Knight was the eldest surviving son of John Knight, of St Augustine's Back, Bristol and his first wife called Parsons of Somerset. His father was a sugar refiner and a cousin of Sir John Knight MP for Bristol. He succeeded his father 1678.

Knight was appointed sheriff of Bristol in September 1681, and in this office he persecuted Dissenters, arousing great controversy in the city. He was presented to King Charles II in March at Newmarket and knighted on 12 March 1682. In April 1686 Knight alerted the mayor and the sheriffs of a Catholic meeting, resulting in the arrest of a priest.

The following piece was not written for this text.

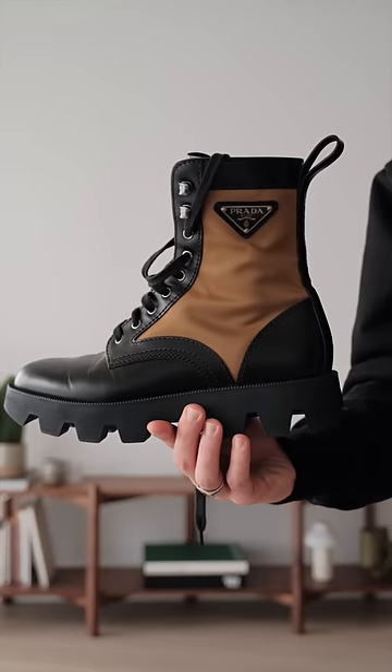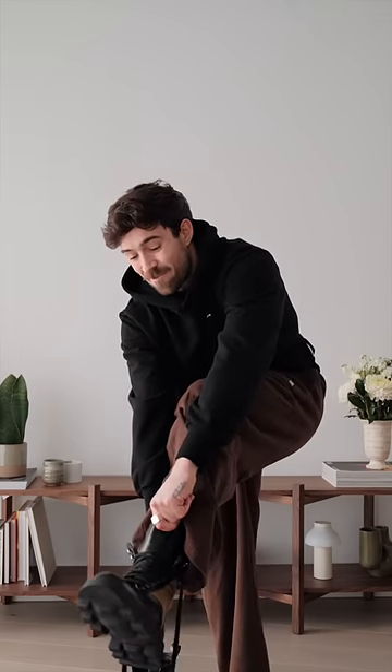For the footwear, I'm going to go with these Prada combat boots. I've had these for about three years now, and I've kind of just started really enjoying wearing them again.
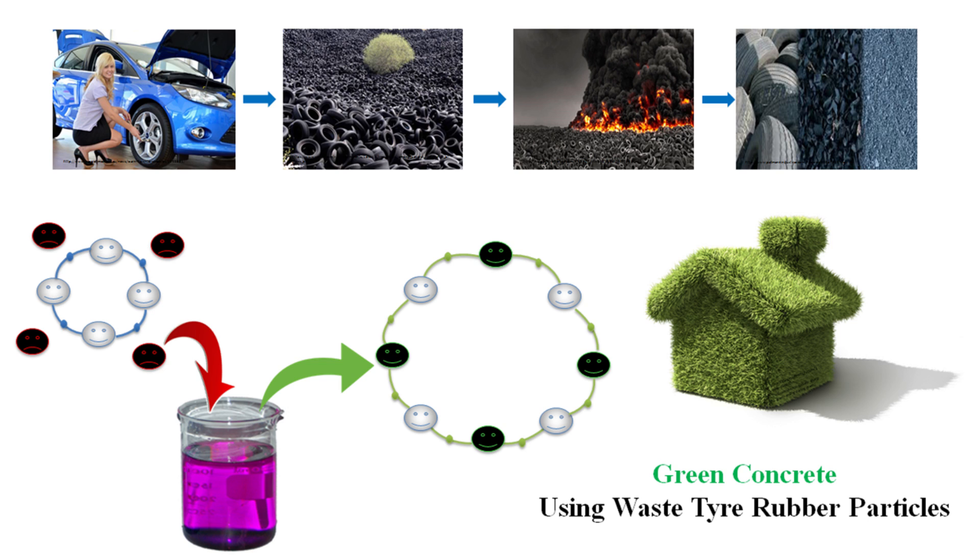Have you ever thought about what's going to happen to the old tires? They will be stockpiled in our outdoor environment in huge amounts. They may cause fires, disease, and poisoning of the environment. Just in Australia, more than 48 million tires reach the end of their lives every year.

When the news reached the Catholic King James II's court of Knight's behaviour, he was arrested by late May and had to explain himself before the Privy Council. A writ of habeas corpus failed to release him but a Bristol jury acquitted him in November.

Having stood unsuccessfully at a by-election in December 1685, Knight was elected MP for Bristol in the Convention Parliament in 1689. He disagreed with the Whig doctrine that King James's flight from England had left the throne vacant. He therefore opposed making William III and Mary II monarchs.

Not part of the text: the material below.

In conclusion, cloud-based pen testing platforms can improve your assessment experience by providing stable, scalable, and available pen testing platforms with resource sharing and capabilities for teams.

In 1693 he opposed the Naturalisation Bill which aimed to grant English citizenship to foreign Protestants resident in England. In a speech against the Bill, Knight said: "Let us first kick the bill out of the House; and then let us kick the foreigners out of the kingdom". Knight's speech was printed as a pamphlet and tens of thousands of copies circulated. But when the House of Commons saw the pamphlet they voted it as "false, scandalous, and seditious" and to be burnt by the hangman. Knight disclaimed all knowledge of the pamphlet.

Knight was called a "violent tory" by Narcissus Luttrell and a "coarse-minded and spiteful Jacobite, who, if he had been an honest man, would have been a nonjuror" by Thomas Babington Macaulay.

Knight married Anne Smith, daughter of Thomas Smith of Long Ashton and had a son and two daughters.